Lord Lieutenant of West Yorkshire
- Incumbent
- Assumed office September 2025
- Monarch: Charles III
- Preceded by: Edmund Anderson

Deputy Lieutenant of West Yorkshire
- In office April 2022 – September 2025

Personal details
- Born: 30 September 1966 (age 59) Bradford
- Education: University of Hull (BEd)

= Adeeba Malik =

British-Pakistani executive (born 1966)

Adeeba Malik (born 30 September 1966) is a British-Pakistani teacher, executive, and trustee. As of 22 December 2025, Malik serves as Lord Lieutenant of West Yorkshire.

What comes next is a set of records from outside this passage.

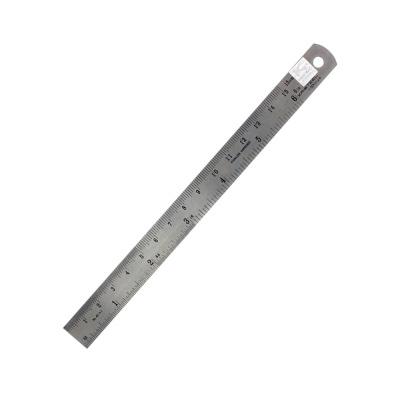 HobbyTime Tools 1500 STEEL MEASURING RULE 150MM - FLEXIBLE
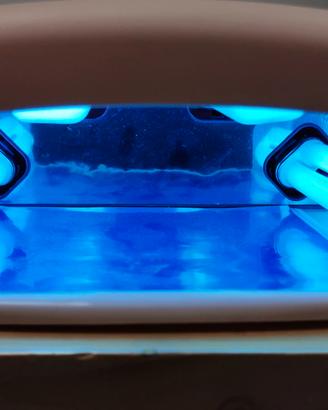 Lampada UV Ricostruzione Unghie / Resina 36W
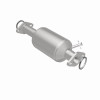 MagnaFlow Conv DF 81-83 Toyota Pick Up 2.4L - 3391895 360 Degree Image Set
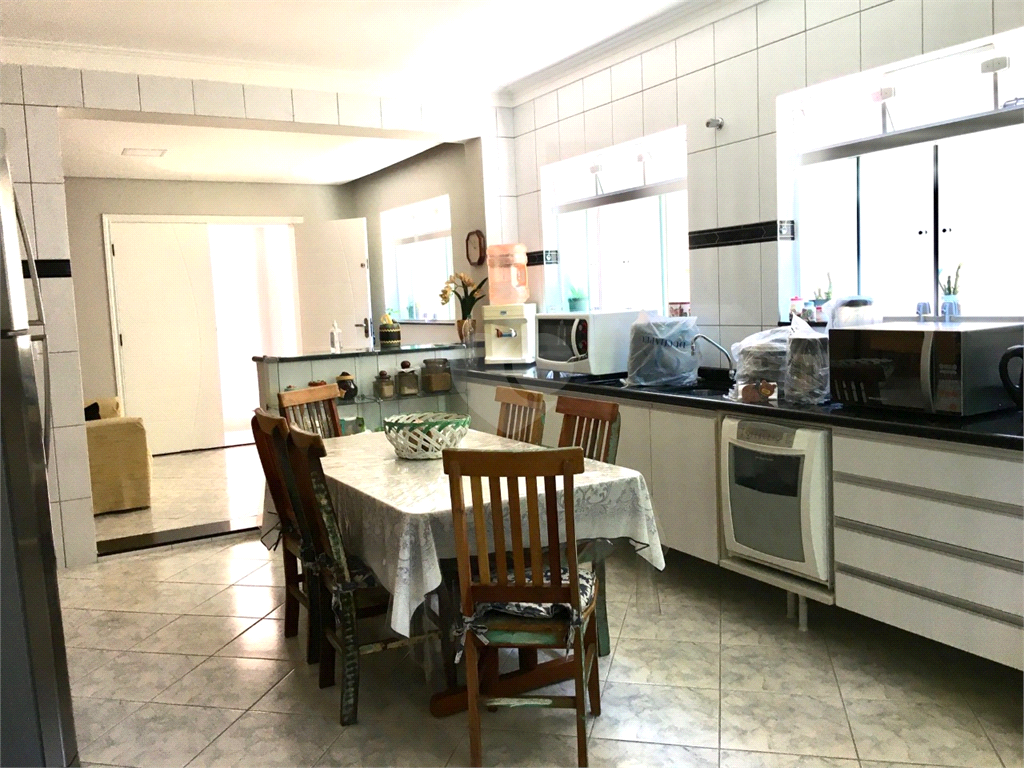 Venda Casa São Paulo Parque São Domingos REO654035 24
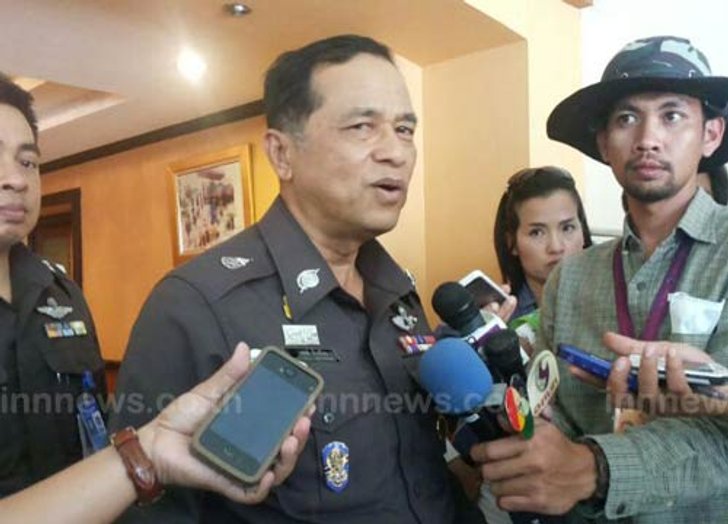 ตร.เตรียมกำลัง60กองร้อยดูม็อบกกปส.22ธ.ค.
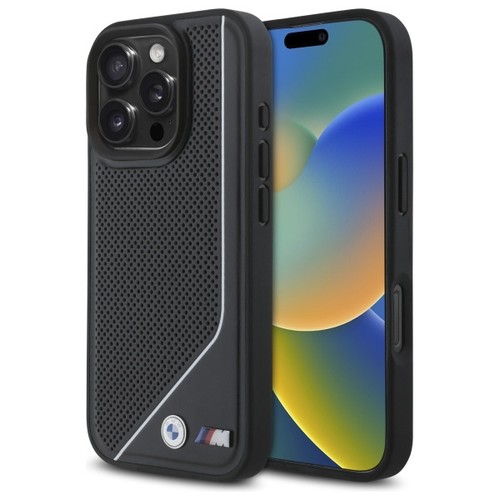 Coque iphone pro bmw en - iphone,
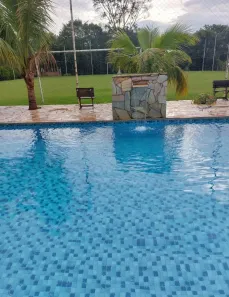 Fazenda/Sítio com 5 Quartos à venda, 330m² no Jardim Centenário, Franca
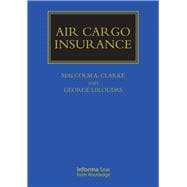 Air Cargo Insurance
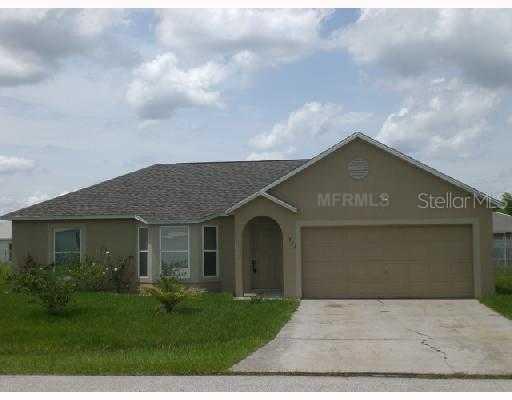 852 Franconville Ct., Kissimmee, FL 34759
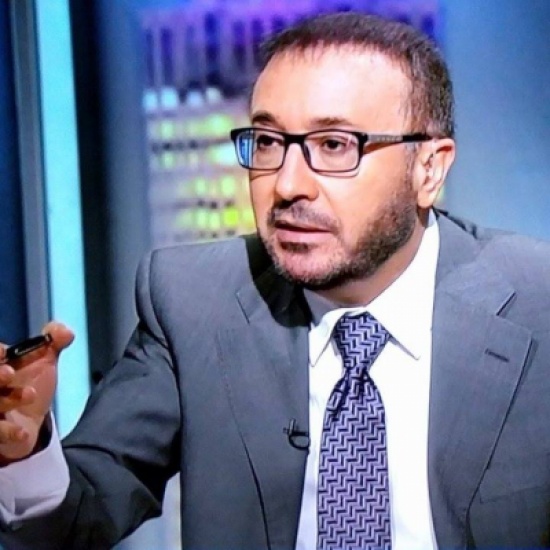 فيصل القاسم للعرب: لا تقعوا في الحفرة مرتين.. صدقوني المستفيد من اغتيال السفير ليس الذين صفقوا له بغباء فيصل القاسم للعرب: لا تقعوا في الحفرة مرتين.. صدقوني المستفيد من اغتيال السفير ليس الذين صفقوا له بغباء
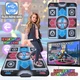 Танцевальный музыкальный USB коврик Extreme Dance Pad Platinum подключение через USB на PC TV, музыкальный коврик - изображение 2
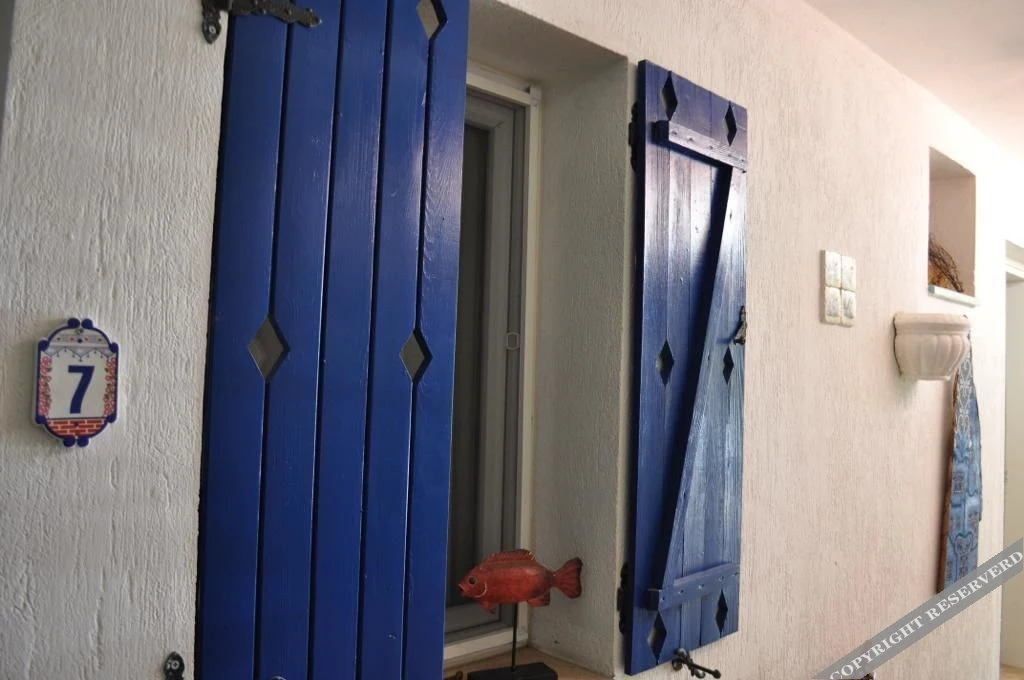 Бодрум: Casa Tua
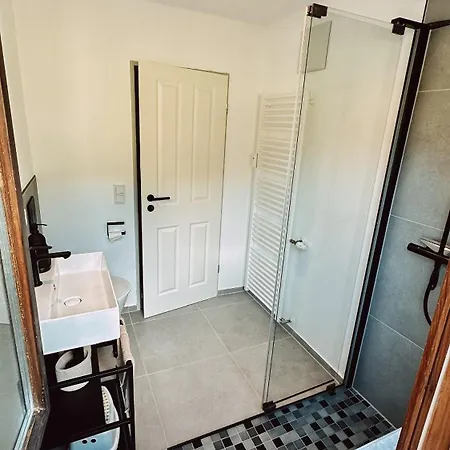 Naturnest Durchatmen - Skipass Im Winter Und Bergbahnen Im Sommer Inklusive Apartment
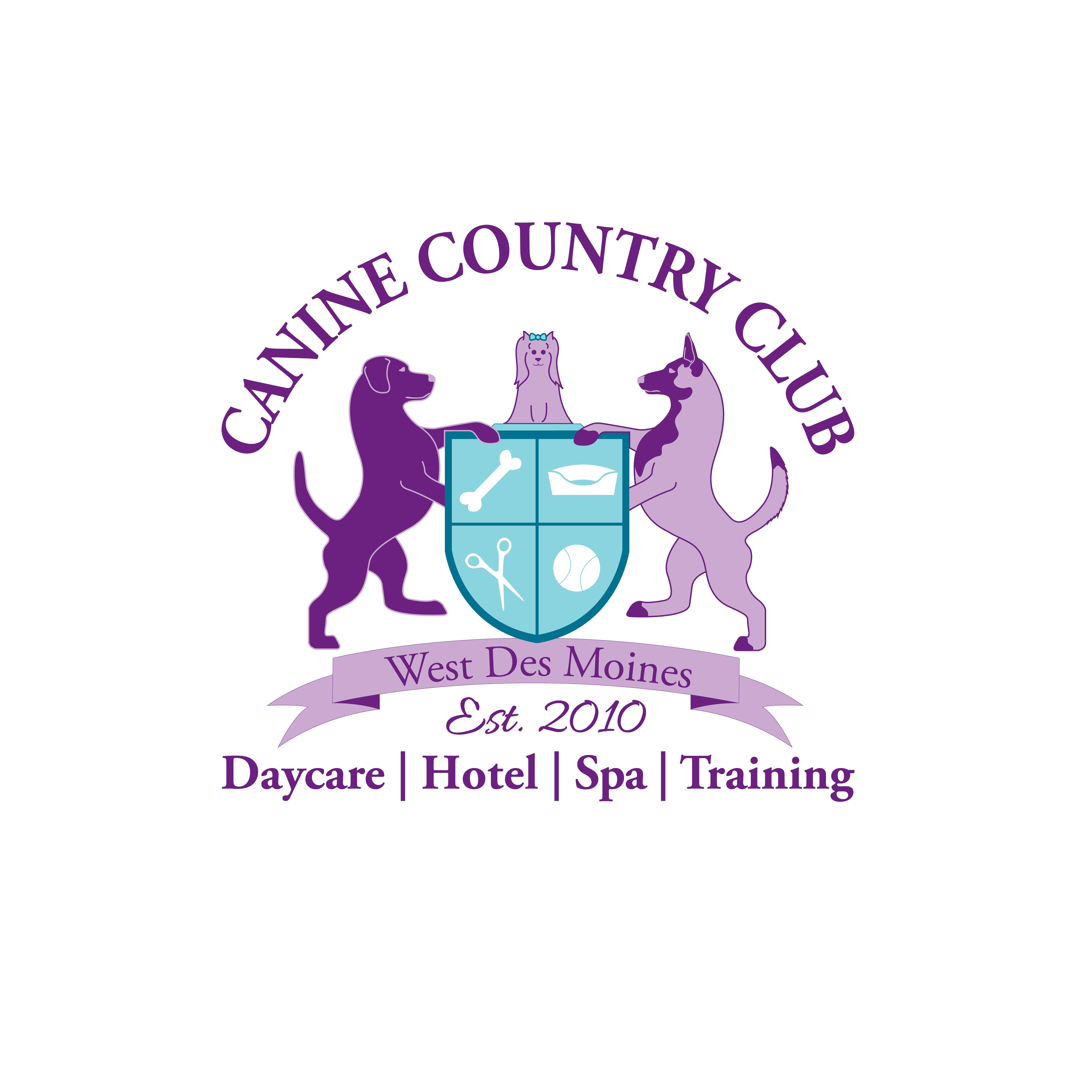 Canine Country Club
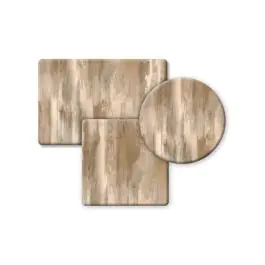 Plateau de table de patio - Crème Islande - Extérieur - G-Line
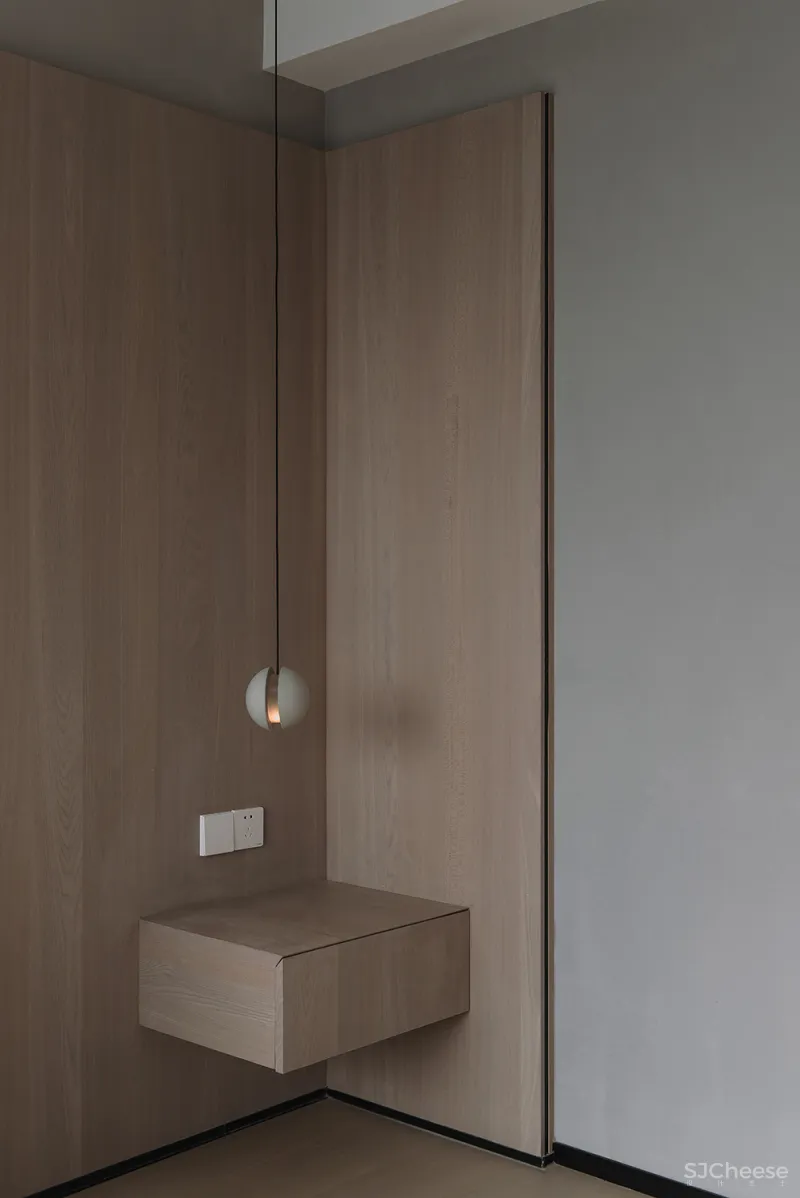 木质简约风 · 这生活、太美了!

==Early life and education==
Adeeba Malik was born on 30 September 1966 in Bradford to a British Pakistani family. Her father, Mohammed Sadiq Malik, had moved to Bradford from Pakistan in 1958. In 1965 he had returned to Sialkot where he met Fahmeeda. The two were married and, in 1966 moved to Bradford. In a 2022 interview to celebrate International Women's Day, Adeeba noted that in 1967 her mother, Fahmeeda, was one of only 67 south-asian women in her community in Bradford numbering over 3,000. Adeeba attended The Grange school in Bradford and studied for a Bachelor's Degree and then a Master's Degree in education at the University of Hull.

==Career==
In 1992, Malik joined the QED Foundation, a Bradford-based charity which works to eradicate poverty, disadvantage and discrimination amongst disadvantaged communities. She is currently its Deputy Chief Executive. She has worked with many different social projects, including the Waterways Trust, The National Muslim Women's Advisory Board, and is a former governor of Sheffield Hallam University. Through her position with Bradford Culture Company Ltd she has supported Bradford’s bid to host the UK City of Culture title in 2025. She is Member of the Honours Committee in the Community and Voluntary Services committee. On 1 November 2021 she was appointed as a trustee of York Museums Trust. She is also a trustee of Carers Resource, and Poverty Alleviation Scholarships.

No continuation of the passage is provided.